Motivation

I recently came across the Internet Equity Initiative by the Data Science Institute at University of Chicago. They have been studying how disparity in access to internet affects communities across Chicago. Since the pandemic started, we have been working and studying from home. It is critical to have access to not just internet but high-speed broadband internet so families can succeed in this new era of remote work/education. Technology can be a great equalizer but if any disparities exist, it can affect certain communities and put them at a disdvatnage. Microsoft's AI For Good team has been championing the issue of digital equity for a while. They relesed a study and dataset in 2019 that showed that 163M americans lack access to broadband internet, which was significanly higher than FCC's estimate of 25M.

I was curious to find out myself how much inequality, if any, exists not just around me but also across the US.In their analysis Microsoft looked at zip code level data. I was curious about two issues:

  1. Does your access to broadband internet depend on where you in the US ?
  2. Does median income of a community matter ?

Note here I am interested in access to the internet. A household may have means to purchase high speed internet but that does not mean they have high-speed internet in their area. So I am interested at the aggregate level, how much disparity exists.

Data

I will be using the data provided by Microsoft's AI For Good team under its Open Data initiative. This was a privatized data to protect privacy. You can read more about the data collection and methods used here. This dataset has zip code, county id and broadband usage percentage. Margin of error is also available but I will disregard that for initial analysis. The usage number shows how many households in that zip code had access to high speed internet (25MBPS+). I will combine this data with the US census data from 2020 to understand the distribution of usage across different areas in US.

import pandas as pd
import numpy as np
import matplotlib.pyplot as plt
import seaborn as sns
import altair as alt
import statsmodels.api as sm
import statsmodels.formula.api as smf
from IPython.display import IFrame

Broadband Usage Data

broadband_data_path = 'https://raw.githubusercontent.com/microsoft/USBroadbandUsagePercentages/master/dataset/broadband_data_zipcode.csv'


def clean_bbdf(path):
    '''
    Import data and clean column names
    
    '''
    df = pd.read_csv(broadband_data_path)
    
    df.columns = df.columns.str.replace(" ","_")

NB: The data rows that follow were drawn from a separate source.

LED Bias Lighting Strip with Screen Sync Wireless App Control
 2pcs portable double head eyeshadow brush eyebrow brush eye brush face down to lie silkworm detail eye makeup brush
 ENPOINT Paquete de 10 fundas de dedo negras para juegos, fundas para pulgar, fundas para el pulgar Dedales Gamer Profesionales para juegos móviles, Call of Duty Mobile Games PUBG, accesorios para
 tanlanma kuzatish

    return df.set_index('COUNTY_ID')

bbdf = clean_bbdf(broadband_data_path)

bbdf.head(3)
ST COUNTY_NAME POSTAL_CODE BROADBAND_USAGE ERROR_RANGE_(MAE)(+/-) ERROR_RANGE_(95%)(+/-) MSD
COUNTY_ID
45001 SC Abbeville 29639 0.948 0.034 0.110 0.002
45001 SC Abbeville 29620 0.398 0.002 0.007 0.000
45001 SC Abbeville 29659 0.206 0.152 0.608 0.043

Check Data Quality

def data_quality(df):
    '''
    Check nulls and duplicates
    
    '''
    shape = df.shape
    is_na = df.isna().sum().any().sum()
    is_dupl = df['POSTAL_CODE'].duplicated().any().sum()
    
    return print(f'\n Shape: {shape} ,\n Has nulls: {is_na},\n Has duplicates: {is_dupl}')


data_quality(bbdf)    
 Shape: (32735, 7) ,
 Has nulls: 0,
 Has duplicates: 1
print(f'Number of states: {bbdf.ST.nunique()},  ')
print(f'Number of Counties: {bbdf.index.nunique()}')
Number of states: 51,  
Number of Counties: 3136
Number of Households

The broadband data shows percentage of households with access to the broadband internet so the analysis has to be performed at the household level instead of population. I will use data from US Census to get the numbers.

#### Household Size


hh_path = 'https://raw.githubusercontent.com/pawarbi/datasets/master/households_2020.csv'


households = (pd.read_csv(hh_path, usecols = ['Geographic Area Name','Estimate!!Total!!HOUSEHOLDS!!Total households'])
              .assign(zipcode =  lambda s:s.iloc[:,0].str[5:])
              .dropna()
             )

households = (households[households['Geographic Area Name'] !="United States"]
              .drop('Geographic Area Name', axis=1)
              .astype('int')
              .set_index('zipcode')
              .rename(columns={'Estimate!!Total!!HOUSEHOLDS!!Total households':'households'})
            
             )


           
households.head(3)
households
zipcode
601 5555
602 12901
603 19431

Next I will aggregate the data to get weighted usage for each county in the US.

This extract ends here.